___ SUPPLIED RECORDS ___

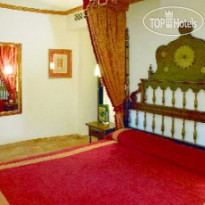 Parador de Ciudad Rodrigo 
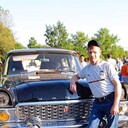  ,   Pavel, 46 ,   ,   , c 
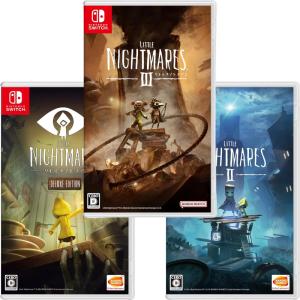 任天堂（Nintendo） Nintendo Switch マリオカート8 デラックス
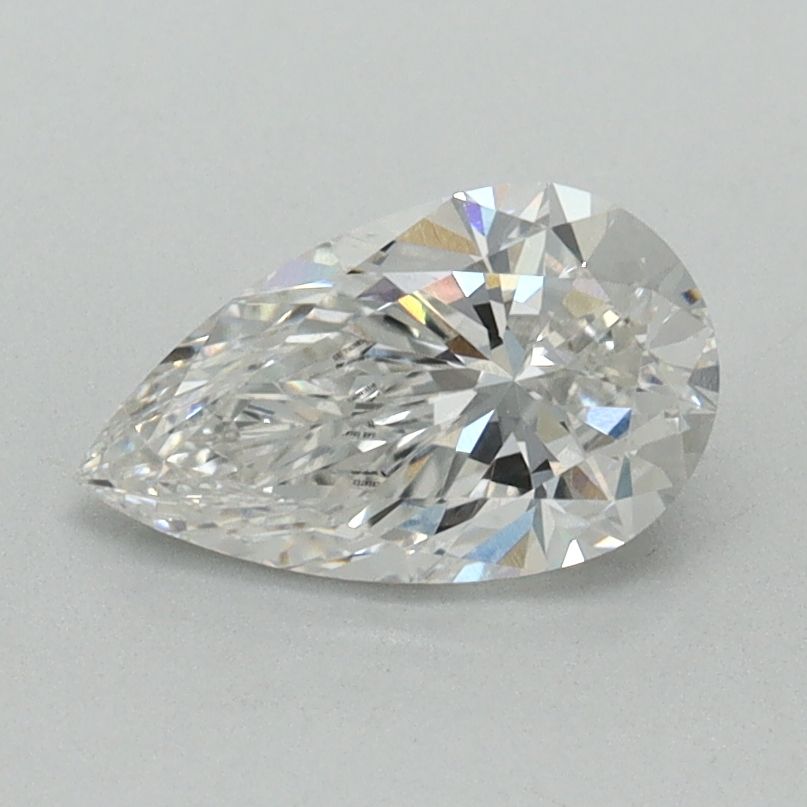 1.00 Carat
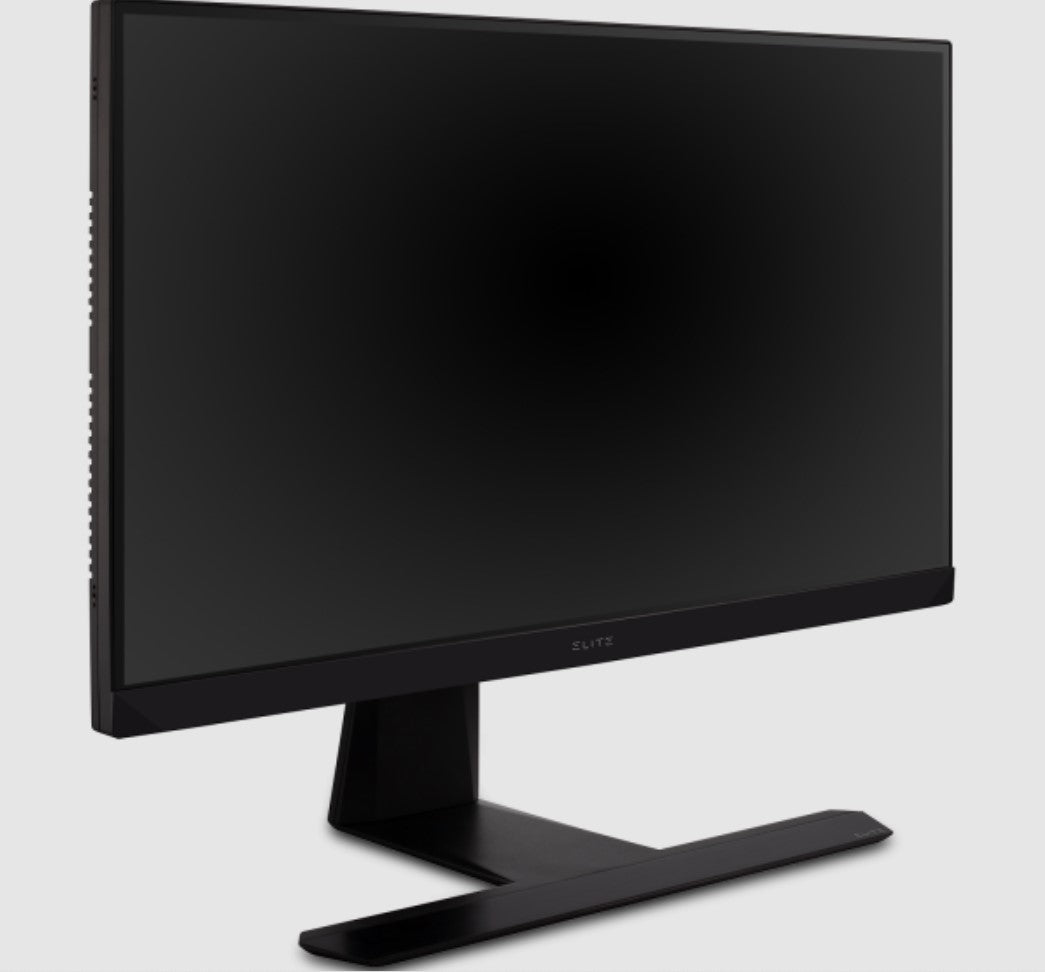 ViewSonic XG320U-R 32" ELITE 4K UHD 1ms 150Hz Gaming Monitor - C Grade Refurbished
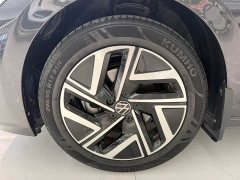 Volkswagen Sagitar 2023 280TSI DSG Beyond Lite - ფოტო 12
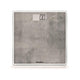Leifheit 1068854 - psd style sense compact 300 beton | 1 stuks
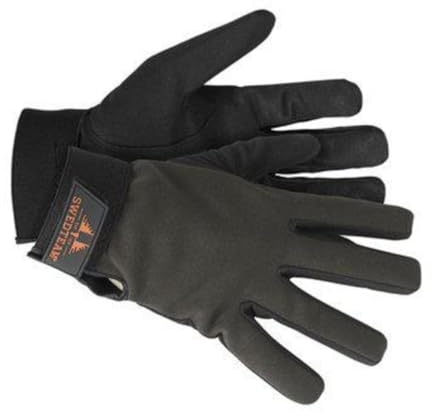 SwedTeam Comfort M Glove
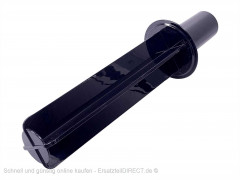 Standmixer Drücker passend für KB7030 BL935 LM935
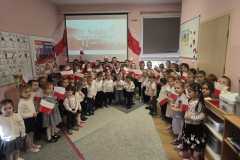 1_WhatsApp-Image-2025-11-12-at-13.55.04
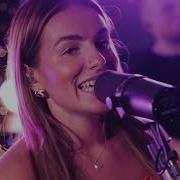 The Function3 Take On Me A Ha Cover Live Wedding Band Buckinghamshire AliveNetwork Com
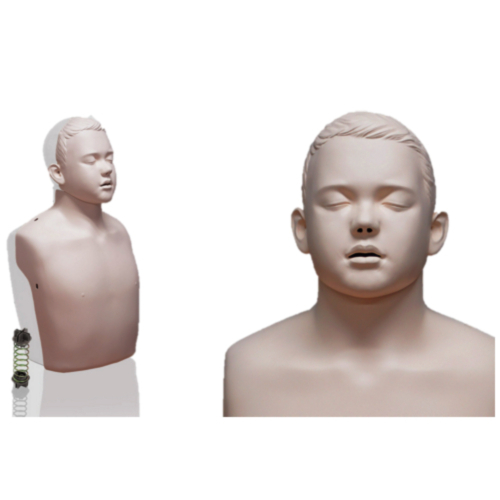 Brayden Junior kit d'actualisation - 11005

___

**WORK INSTRUCTIONS**. Leaving out every picture, transcribe exactly the lines from the line that contains "Volkswagen Sagitar 2023" through the final line of the entries above.

**TASK RESULT**.
 Volkswagen Sagitar 2023 280TSI DSG Beyond Lite - ფოტო 12
Leifheit 1068854 - psd style sense compact 300 beton | 1 stuks
 SwedTeam Comfort M Glove
 Standmixer Drücker passend für KB7030 BL935 LM935
 1_WhatsApp-Image-2025-11-12-at-13.55.04
 The Function3 Take On Me A Ha Cover Live Wedding Band Buckinghamshire AliveNetwork Com
 Brayden Junior kit d'actualisation - 11005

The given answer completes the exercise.